## About the dataset

AMES Housing Dataset by Dean De Cock (Link: https://www.kaggle.com/c/house-prices-advanced-regression-techniques/data)

## Housing Prices visualizations

In [None]:
%pip install pandas matplotlib seaborn numpy scikit-learn scipy

In [None]:
import pandas as pd
import matplotlib.pyplot as plt
import seaborn as sns
import numpy as np
from scipy.stats import norm
from sklearn.preprocessing import StandardScaler
from scipy import stats
import warnings
import os
import requests
warnings.filterwarnings('ignore')
%matplotlib inline

thePath = "./"
theFile = 'train.csv'
theLink = "https://dse200.dev/Day3/train.csv"

if not os.path.exists(thePath + theFile):
    r = requests.get(theLink)
    with open(thePath + theFile, 'wb') as f:
        f.write(r.content)


### Data Exploration
- Visualize
- Find Missing Data
- Look For Correlations

In [None]:
df = pd.read_csv(thePath + 'train.csv') # loading the ames data

#### Analysing Sale Price

In [None]:
df['SalePrice'].describe()

In [None]:
sns.distplot(df['SalePrice']);

We observe that the data
- Deviates from the normal distribution.
- Has appreciable positive skewness.
- Shows peakedness.

In [None]:
print("Skewness: %f" % df['SalePrice'].skew())
print("Kurtosis: %f" % df['SalePrice'].kurt())

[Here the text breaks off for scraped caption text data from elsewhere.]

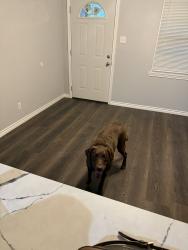 Lost Female Dog last seen Longmeade Dr, Farmers Branch, TX 75234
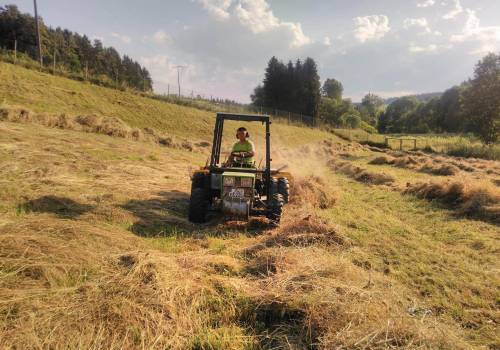 Heu Traktor Sommer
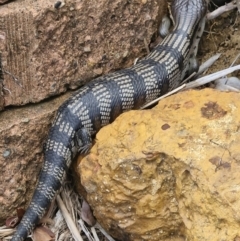 Unidentified Reptile and Frog at Woodburn, NSW - 9 Apr 2024 by AliClaw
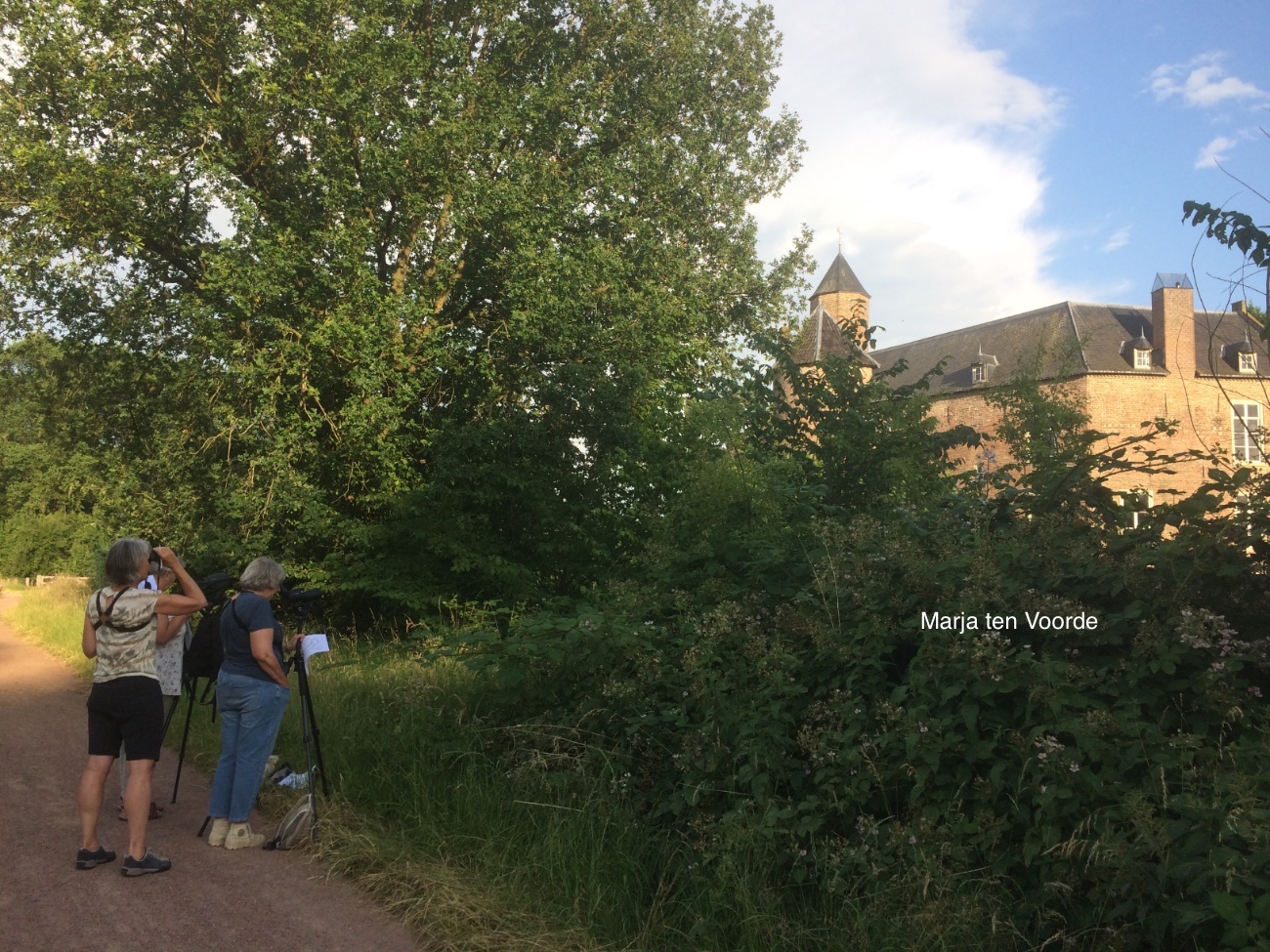 Zomertelling gierzwaluwen in Waardenburg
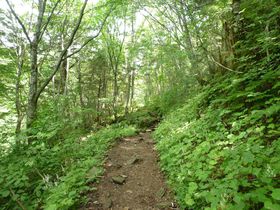 W1800[gI˂̔铒u͉vƏ̑߂̋LTlC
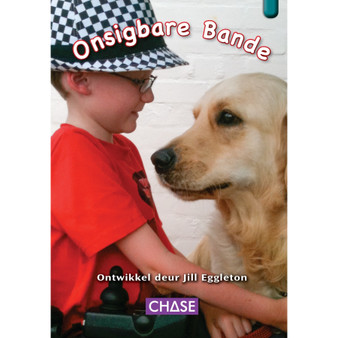 Key Links - Onsigbare Bande: Levels 25-26/Emerald - ISBN 9781485112457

### Examples of Relations with Numerical Variables

In [None]:
var = 'GrLivArea'
data = pd.concat([df['SalePrice'], df[var]], axis=1)
data.plot.scatter(x=var, y='SalePrice', ylim=(0,800000));

We notice a linear relationship

In [None]:
var = 'TotalBsmtSF'
data = pd.concat([df['SalePrice'], df[var]], axis=1)
data.plot.scatter(x=var, y='SalePrice', ylim=(0,800000));

linear relation with a higher slope

### Examples of Relations with Categorical Variables

In [None]:
var = 'OverallQual'
data = pd.concat([df['SalePrice'], df[var]], axis=1)
f, ax = plt.subplots(figsize=(8, 6))
fig = sns.boxplot(x=var, y="SalePrice", data=data)
fig.axis(ymin=0, ymax=800000);


we see a positive correlation between these two variables

In [None]:
var = 'YearBuilt'
data = pd.concat([df['SalePrice'], df[var]], axis=1)
f, ax = plt.subplots(figsize=(16, 8))
fig = sns.boxplot(x=var, y="SalePrice", data=data)
fig.axis(ymin=0, ymax=800000);
plt.xticks(rotation=90);

Although not a strong one, we still see a positive correlation between these two variables as well

### Correlation Matrix

In [None]:
df.head()

In [None]:

var = 'LotArea' # 'YearBuilt' 
data = pd.concat([df['SalePrice'], df[var]], axis=1)
#corrmat = df.corr()
data = pd.concat([df['SalePrice'], df['LotFrontage'],df['YearBuilt'],df['LotArea']], axis=1)
corrmat = data.corr()
#f, ax = plt.subplots(figsize=(12, 9))
sns.heatmap(corrmat, vmax=.8, square=True);

From this overview of all the realtions

### We pick "k" columns which are most correlated with Sale Price

In [None]:
k = 10 
cols = corrmat.nlargest(k, 'SalePrice')['SalePrice'].index
cols

In [None]:
cmvals = df[cols].values.T
cmvals

In [None]:
cm = np.corrcoef(df[cols].values.T)
sns.heatmap(cm, cbar=True, annot=True, square=True, fmt='.2f', annot_kws={'size': 10}, yticklabels=cols.values, xticklabels=cols.values)
plt.show()

'OverallQual', 'GrLivArea' and 'TotalBsmtSF' are strongly correlated with 'SalePrice'<br/>
'GarageCars' can be assumed to be dependent on 'GarageArea'. Hence we choose only 'GarageCars' since its correlation with 'SalePrice' is higher <br/>
'TotalBsmtSF' and '1stFloor' represent kinda the same thing so we pick one ('TotalBsmtSF')<br/>
'TotRmsAbvGrd' and 'GrLivArea' have a high correlation as expected.<br/>
TODO :  Time series analysis for 'YearBuilt'


In [None]:
sns.set()
cols = ['SalePrice', 'OverallQual', 'GrLivArea', 'GarageCars', 'TotalBsmtSF', 'FullBath', 'YearBuilt']
sns.pairplot(df[cols], size = 2.5)
plt.show()

### Data Cleaning

#### Missing Data

In [None]:
total = df.isnull().sum().sort_values(ascending=False)
percent = (df.isnull().sum()/df.isnull().count()).sort_values(ascending=False)
missing_data = pd.concat([total, percent], axis=1, keys=['Total', 'Percent'])
missing_data.head(20)

columns with more than 80% of the data is missing are chosen to be deleted. Hence the set of variables (e.g. 'PoolQC', 'MiscFeature', 'Alley', etc. are chosen for deletion. Further, these features show nearly 0 correlation with 'Sale Price'

'GarageCars' will represent most info regarding garages, hence other 'GarageX' variables can be ignored.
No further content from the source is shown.